File size: 7,424 Bytes

09e2cfe

# EML Trainability Study: Can We Turn Theoretical Universality Into Practical Training?

## Overview

This repository contains an empirical study of whether the **EML operator** `eml(x,y) = exp(x) - ln(y)` from [arXiv:2603.21852](https://arxiv.org/abs/2603.21852) can be made practically trainable for **symbolic regression** via gradient descent.

### The Theoretical Discovery
The EML paper proved that **every elementary mathematical function** — addition, multiplication, trigonometry, logarithms, π, e, etc. — can be generated from just one binary operator and the constant 1:

```
eml(x, y) = exp(x) − ln(y)
```

This is analogous to how the NAND gate generates all Boolean logic. The grammar is trivially simple: `S → 1 | eml(S, S)`.

### The Practical Problem  
While mathematically universal, this crashes in code. Stacking exponentials 3-4 levels deep in floating-point arithmetic causes numbers to **explode to infinity** or **collapse to zero**. The paper itself reports:
- **Depth 1-2**: 100% recovery from random initialization
- **Depth 3-4**: ~25% recovery  
- **Depth 5+**: <1% recovery
- **Depth 6**: 0% in 448 attempts

Yet paradoxically, when initialized **near the correct solution**, recovery is 100% even at depth 5-6. The basins of attraction exist — they're just needle-in-a-haystack from random init.

## Research Questions

1. **Which numerical stability techniques** most improve deep EML tree training?
2. **What is the maximum recoverable tree depth** with enhanced methods?
3. **Can EML-based SR recover real physics equations** (Feynman benchmark)?

## Methods

### Stability Techniques Tested

| Method | Description | Source |
|--------|-------------|--------|
| **Soft routing** | Standard softmax input selection (baseline) | EML paper §4.3 |
| **Gumbel-hard** | Straight-through Gumbel-softmax — hard selection in forward, soft gradients in backward | Jang et al. 2017 |
| **Bounded** | `tanh(output/R) * R` normalization after each node | Inspired by NALU (Trask 2018) |
| **Combined** | Saturating linear: `x / (1 + |x|/R)` + Gumbel-hard routing | Novel combination |

### Key Innovations

1. **Hard routing prevents intermediate explosion**: Soft routing creates weighted mixtures of {1, x, f} that can produce arbitrary intermediate values. Hard selection ensures only one input is chosen per EML node, preventing the "exp of a mixture" problem.

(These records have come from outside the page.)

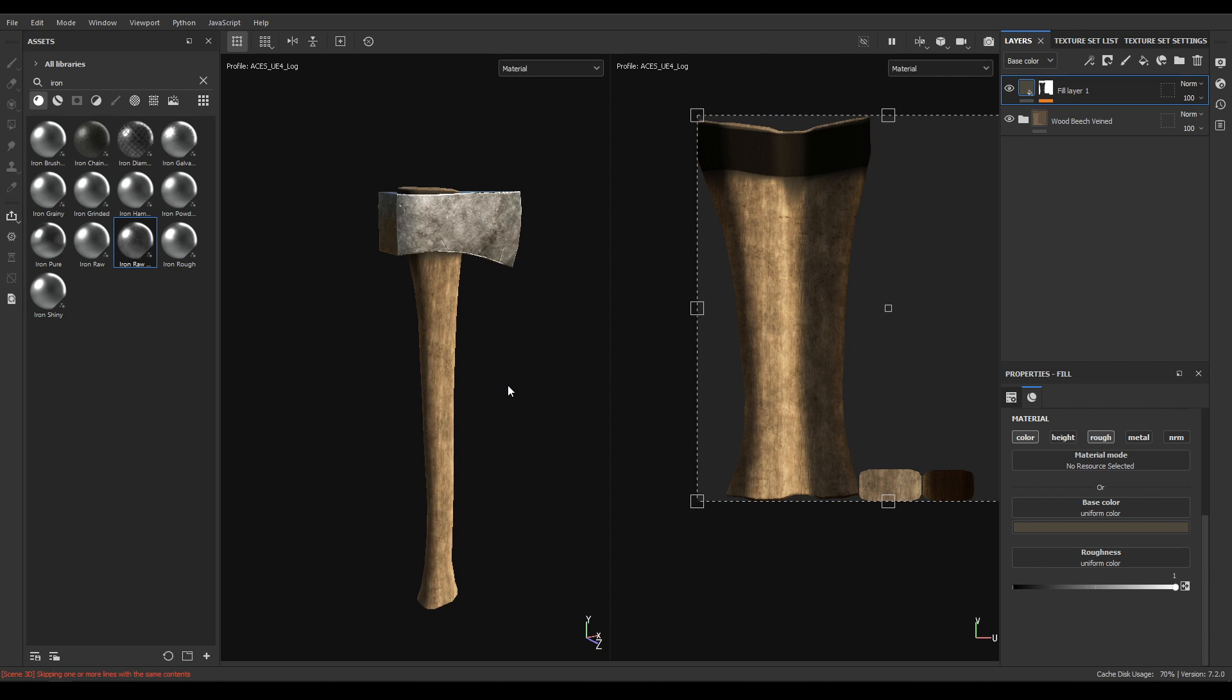So our axe texturing is completed. You can export this texture and render this in Unreal Engine or Marmoset Toolbag. So that's it for today and if you liked this video then subscribe to the channel and I'll see you in the next video. Thanks for watching.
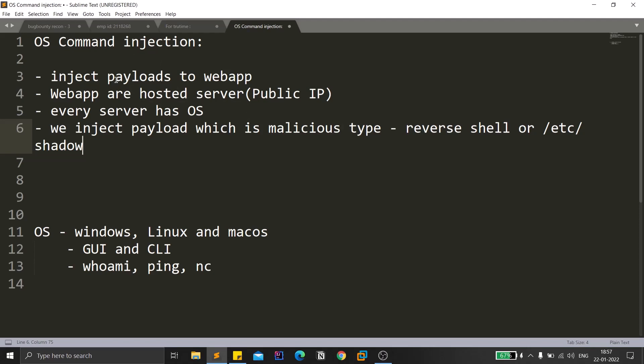So that is what OS command injection is. We try to inject a malicious payload — and since almost all data we inject gets executed on the server side, and the server runs an operating system, executing something malicious can go very wrong. You might get a reverse shell, or sensitive data like /etc/shadow. This is one of the top-rated vulnerabilities — reporting it can earn you a significant bug bounty.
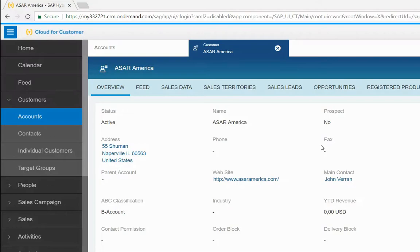By implementing this integration, you can better understand and engage with your prospects and enhance your sales performance without leaving the Sales Cloud platform.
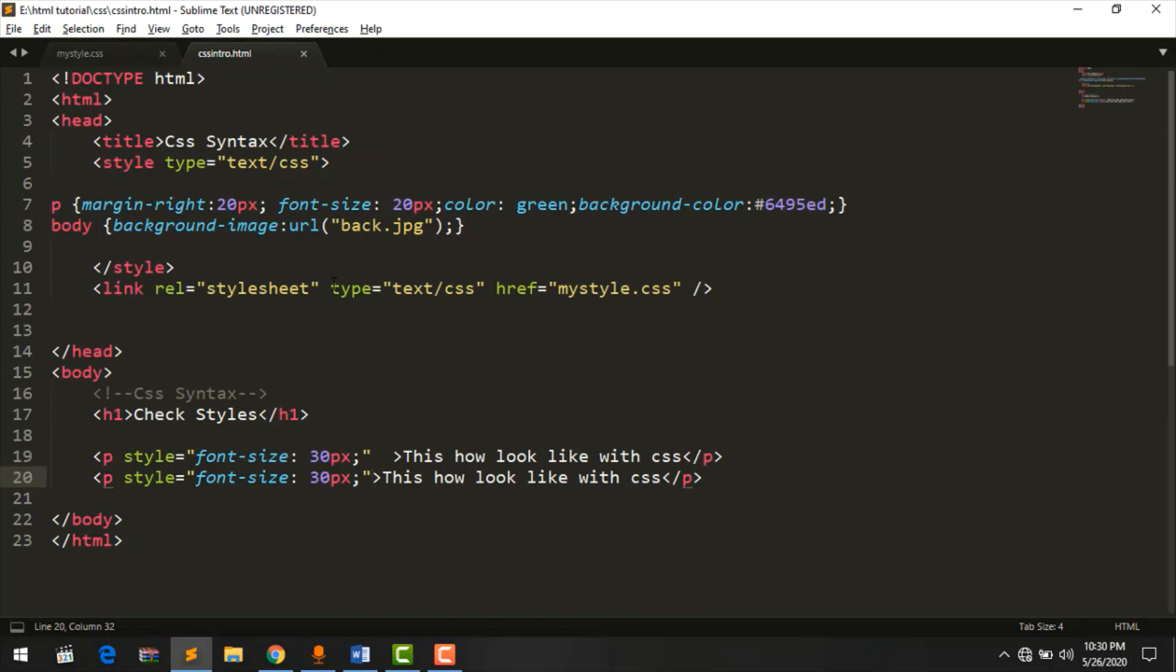The first one is the selector type. If you have any doubts or any questions, please comment. Thank you.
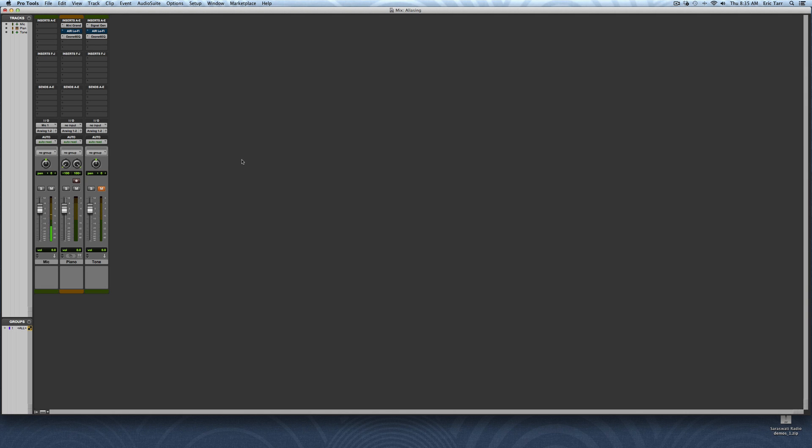Hey guys, this is Eric Tarr for TheProAudioFiles.com. In this video, I'll be demonstrating aliasing as it pertains to digital audio.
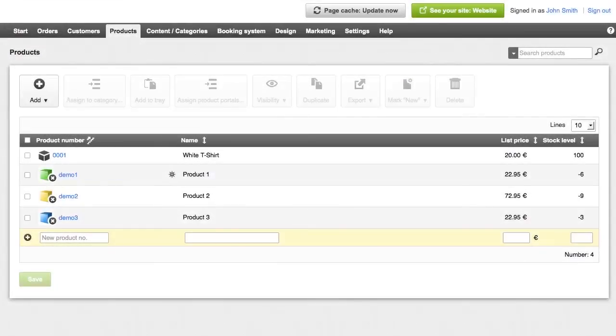All the products in your shop have the same default attributes, such as product number and description. Using product types, you can assign special attributes to different types of products. For instance, the t-shirt product type might have attributes like color and size.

2. **Multi-loss training**: MSE + correlation loss (captures function shape regardless of scale) + entropy regularization (encourages discrete routing decisions).

3. **Temperature annealing**: Start with high temperature (smooth, exploratory) and anneal to near-zero (hard, discrete) over training.

4. **Multi-restart search**: Since basins are narrow, we run 20-30 random initializations per configuration and report best + success rates.

### Architecture: The Master Formula

Following the paper's §4.3, we implement the EML master formula as a full binary tree:
- **Leaf nodes** select from `{1, x₁, ..., xₖ}` (constant and input variables)
- **Internal nodes** select from `{1, x₁, ..., xₖ, f_left, f_right}` (also including child outputs)
- Each selection is parameterized by learnable logits passed through Gumbel-softmax
- Output affine transform `a * eml(left, right) + b` per node

Total parameters: `O(5 × 2ⁿ)` for depth n (as stated in the paper).

## Experimental Design

### Phase 1: Known EML Identities
Test recovery of functions with known EML decompositions:

| Function | EML Depth | EML Expression |
|----------|-----------|----------------|
| `exp(x)` | 1 | `eml(x, 1)` |
| `e` (constant) | 1 | `eml(1, 1)` |
| `ln(x)` | 3 | `eml(1, eml(eml(1,x), 1))` |
| `-x` | 2 | Via composition |
| `1/x` | 3 | Via composition |
| `x + y` | 4 | Via exp/ln identities |
| `x × y` | 4+ | Via exp/ln identities |
| `x²` | 4 | `exp(2·ln(x))` |
| `√x` | 4 | `exp(0.5·ln(x))` |
| `sin(x)` | 5+ | Requires complex intermediates |

### Phase 2: Feynman Physics Equations
A curated set of physics equations from the [SRSD-Feynman benchmark](https://arxiv.org/abs/2206.10540):
- Gaussian distribution: `exp(-θ²/2)/√(2π)`
- Euclidean distance: `√((x₂-x₁)² + (y₂-y₁)²)`
- Inverse square law: `F = q₁q₂/(4πε₀r²)`
- Relativistic mass: `m₀/√(1-v²/c²)`
- Harmonic oscillator: `E = ½kx²`
- And more...

### Phase 3: Depth Scaling Analysis
Systematic measurement of recovery rate vs. depth using EML-native targets.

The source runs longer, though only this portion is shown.